With the greatest part of American electricity coming from coal and much of the rest coming from natural gas, many in the U.S. have the misperception that electricity companies are all strongly opposed to renewable power. Many cast the issue as pro-business versus pro-environment without realizing that many in the industry are actually some of the biggest supporters of renewable energy.
Yale Environment 360 spoke with David Crane, the chief executive officer of Princeton, New Jersey-based NRG Energy and a major proponent of solar power. NRG owns more than 25 gigawatts of generation capacity, nearly 2.5 percent of the total U.S. capacity, according to the U.S. Energy Information Administration.
More than 90 percent of that capacity comes from fossil fuel-based power plants, as well, yet the company has made a massive investments in renewable power. Platts reports that 85 percent of NRG’s investments over the next three years are committed to solar power, from utility-scale projects to residential solar installation programs. All told this amounts to more than $705 million in solar investments.
But Crane noted that the market has begun to shift from historical norms. Whereas electricity companies previously had to worry primarily about actually producing enough energy to fulfill demand at a sustainable price, declining demand for electricity has pushed different energy sources into direct competition. While the environmental benefits of solar power are obvious, it also offers the potential for long-term competition in a way that no fossil fuel can. Crane noted a sort of “Moore’s Law” of solar to Platts that illustrates the consistently improving price-per-watt of solar, while energy resources like oil and natural gas remain largely up to whims of exploration and the market. He calls the prospects for further coal-fired generation in the Northeast “phenomenally challenged.”
Instead, Crane told Yale that NRG hopes to take a three-pronged approach to encouraging cleaner solar power while also tapping into a market dominated by that other crucial energy resource: oil.
“The electricity side of the energy sector is 50 percent coal and 20 percent natural gas and 20 percent nuclear,” Crane explained. “The transportation side is almost all oil. And it doesn’t matter whether you’re on the left or the right of the political spectrum, no American wants to keep importing 3 million barrels of oil a day from the Middle East. So there’s huge public policy benefit to shifting the transportation sector to something other than oil.”
The first and most crucial step is to create programs encouraging distributed generation with solar power. Some of the comes from small-scale rooftop solar installations, but NRG has also invested in larger warehouse and parking lot solar systems. Crane notes that the company installed solar panels at the Washington Redskins’ Fedex Field and is in discussions to power the New Meadowlands, which houses the New York Giants and Jets.
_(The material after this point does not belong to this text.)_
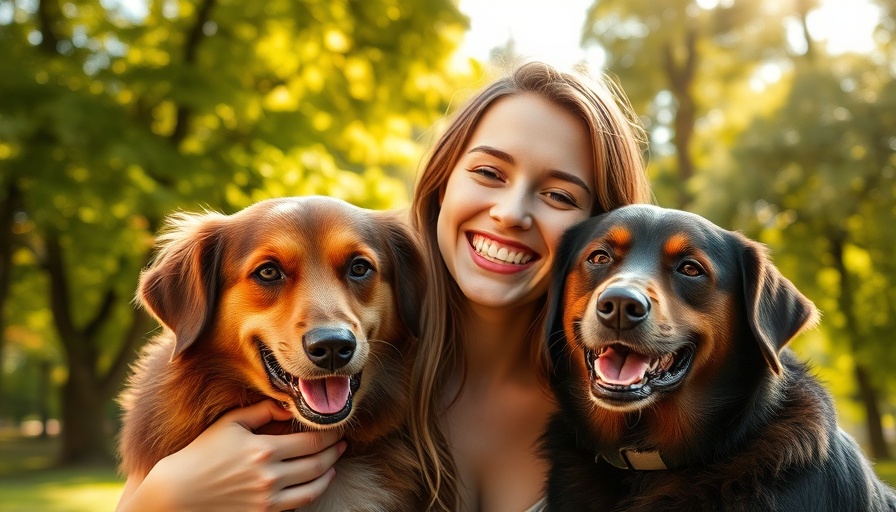 Joyful embrace between woman and dogs, human-animal bond, in park.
Then company hopes to encourage the use of electric vehicles, serving both to cut into the oil market as well as to provide an outlet for the intermittent generation from solar panels and other sources of renewable energy. The U.S. Department of Energy recently released a report suggesting 2 million electric vehicles would account for most variations in energy production. Crane suggests that wider adoption of these technologies would provide a measurable benefit from the third prong, smart meters, which are most visibly helpful to utilities, but could provide huge economic benefit for electric car owners.
“I think the most important thing is to make the American public aware that now they have energy choices in a way that they never really did,” Crane noted. “You don’t just have to settle for using electricity in your house that is supplied by coal-fired power plants on the grid. And you don’t just have to put oil that comes from the Middle East in your gas tank. You can buy an electric car. You can put solar panels on your roof. You have choices now.”